Essa passagem desmonta distorções modernas: a teologia da prosperidade que faz de Deus um fornecedor condicionado; a teologia do domínio que sacraliza autoritarismos; o individualismo espiritual que busca salvação privada sem tocar o sofrimento alheio; e o clericalismo que concentra carismas e apaga o protagonismo dos leigos. A Fratelli Tutti (n. 222) adverte contra ideologias que sequestram a fé para reforçar divisões. Tudo isso são formas de incredulidade prática: proclamam Cristo, mas não confiam no seu caminho.. 

O pai do Evangelho é hoje o rosto de pais e mães que lutam com filhos em depressão, dependência química, risco de violência, sem rede de apoio. O menino é imagem de quem carrega traumas, feridas sociais, dores herdadas. Psicologicamente, representa o aprisionamento interno; sociologicamente, o fruto de sistemas injustos; espiritualmente, a humanidade carente de libertação. A fé que Jesus exige não é fé de palco ou slogans religiosos, mas aquela que se ajoelha, chora, suplica, espera e age.

O Papa Francisco, na Evangelii Gaudium (n. 262), afirma que a fé verdadeira traz “um profundo desejo de mudar o mundo, de transmitir valores, de deixar algo melhor atrás de nossa passagem pela terra”. Se não enfrenta as montanhas do racismo, da corrupção, da desigualdade, do ódio ideológico, é apenas religião de superfície.

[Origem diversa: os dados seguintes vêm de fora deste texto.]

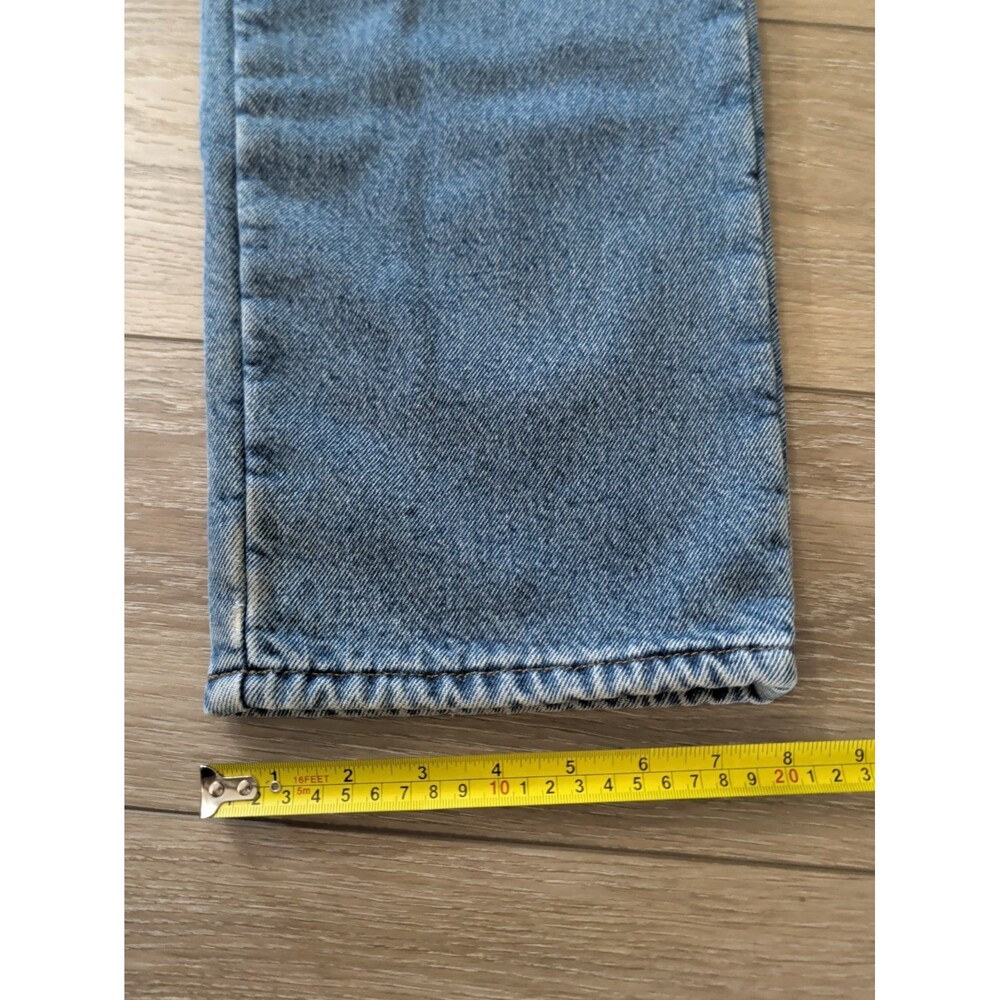 LL Bean Relaxed Fit Flannel Lined Blue Jeans Mens Size 35X30 GUC - Picture 11 of 12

E o Evangelho de hoje nos lembra: não se trata de medir a fé pela intensidade das palavras, mas pela coragem de plantar, no chão mais seco, a semente minúscula e acreditar que a raiz encontrará água.

Quando nossa fé for pequena, poderemos repetir com o pai do menino: “Eu creio, Senhor! Ajuda a minha falta de fé!” — oração que é confissão, súplica e decisão de não recuar. Porque a fé do tamanho de um grão não se mede na mão, mas na coragem de plantá-lo em meio ao deserto, crendo que Deus ainda faz brotar vida.